| The plaque installed by former governor Viren J Shah. Picture by Pabitra Das
Calcutta, March 12: Days before he relinquished the post last December, Bengal governor Viren J. Shah put up a plaque in the historic Raj Bhavan elaborating on the 'refurbishment of the decaying building and transformation of work culture' done at his and wife Anjana's behest.
The announcement of contribution during his tenure between December 1999 and 2004 has triggered a controversy.
Officials at Raj Bhavan said none of Shah's predecessors, including the late Chakraborti Rajagopalachari, the first governor of Bengal (from 15.08.1947 to 21.06.1948) after Independence, installed plaques to highlight their work.
On the granite slab, installed next to a Buddha statue at the sprawling Marble Hall, Shah has given details of what he and his wife have done for Raj Bhavan during his tenure.
'Thorough renovation, restoration and refurbishment of the Raj Bhavan, its suites, halls, corridors and office spaces, hanging of digital reproduction of paintings on the walls' landscaping of Raj Bhavan lawns and gardens and transformation of work culture done by his excellency Shri Viren J. Shah, governor of West Bengal and Smt. Anjana V. Shah, during the tenure of the governor' declares the plaque.
'This is unbecoming of a governor. Though the public works department maintains the governor's house, I am not aware of any such plaque being installed,' PWD minister Amar Chowdhury said today. 'Some PWD staff posted at Raj Bhavan might have installed it at Shah's instance. But to put up a plaque to highlight some of his achievements is in bad taste,' he added.
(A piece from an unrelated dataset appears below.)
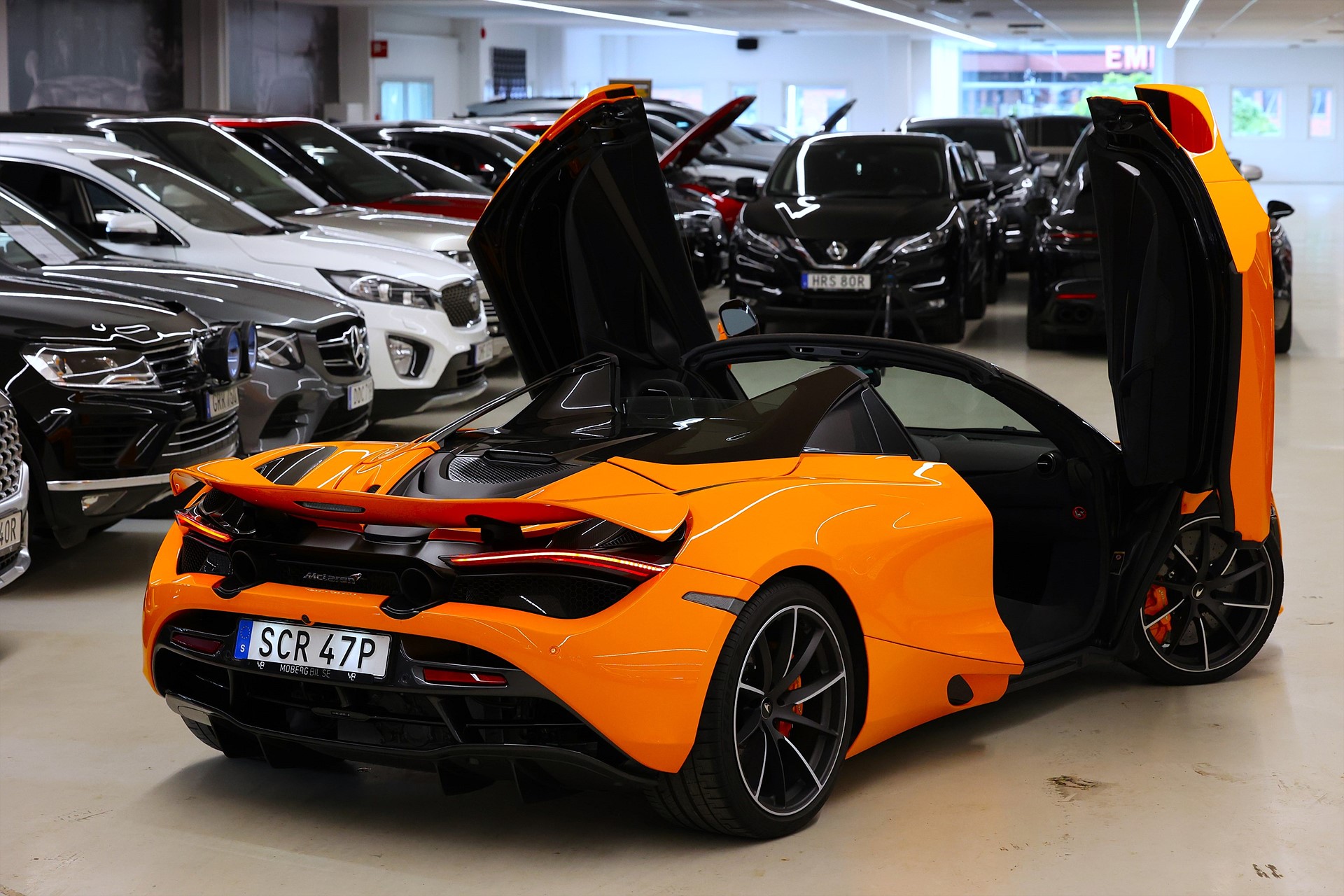 McLaren 720S Spider Performance Plus B&W Carbon fibre Lift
Pratap Chandra Chunder, the chairman of the West Bengal Heritage Commission and former Union education minister, also took strong exception to the installation of the stone plate. 'The Raj Bhavan is a heritage structure. How can a governor install a plaque to give an account of what he has done during his tenure' he asked. 'This is not expected from a person in high office.'
Historian Barun De said he had never heard of any governor putting up plaques at Raj Bhavan to detail his or her good work.
'Ancient Hindu rajas used to put up plaques in praise of their work. I don't know whether Shah had drawn inspiration from them,' he added.
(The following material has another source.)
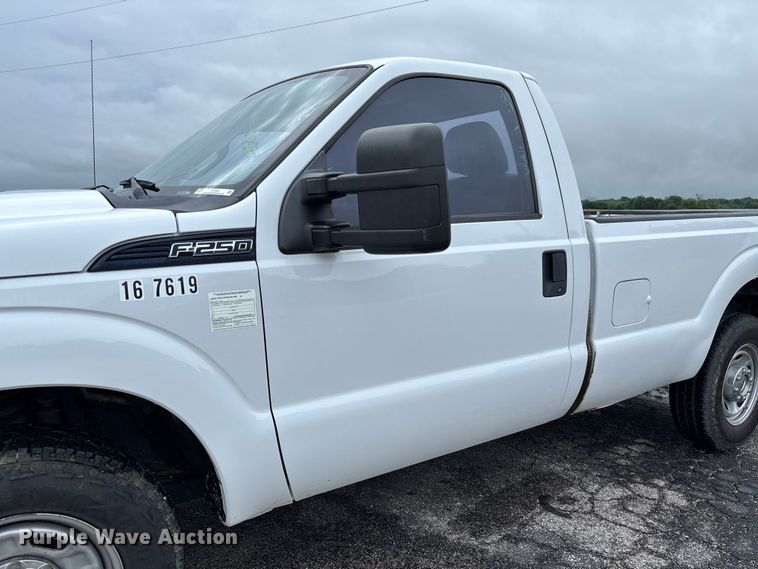 image for item FC5921 2016 Ford F250 Super Duty XL pickup truck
Raj Bhavan officials said the plaque was installed a week before Shah left Raj Bhavan on December 14.
When contacted in Mumbai, the former governor said he had done nothing 'unbecoming' of his post. 'My wife and I had worked hard to refurbish the decaying Raj Bhavan and also improve work culture of its staff during my five-year tenure. There is nothing wrong if I put up a plaque following requests from my well-wishers and some visitors to Raj Bhavan,' he said.
Asked about his predecessor, governor Gopalkrishna Gandhi refused to be dragged into controversy. 'I shall not comment,' he said.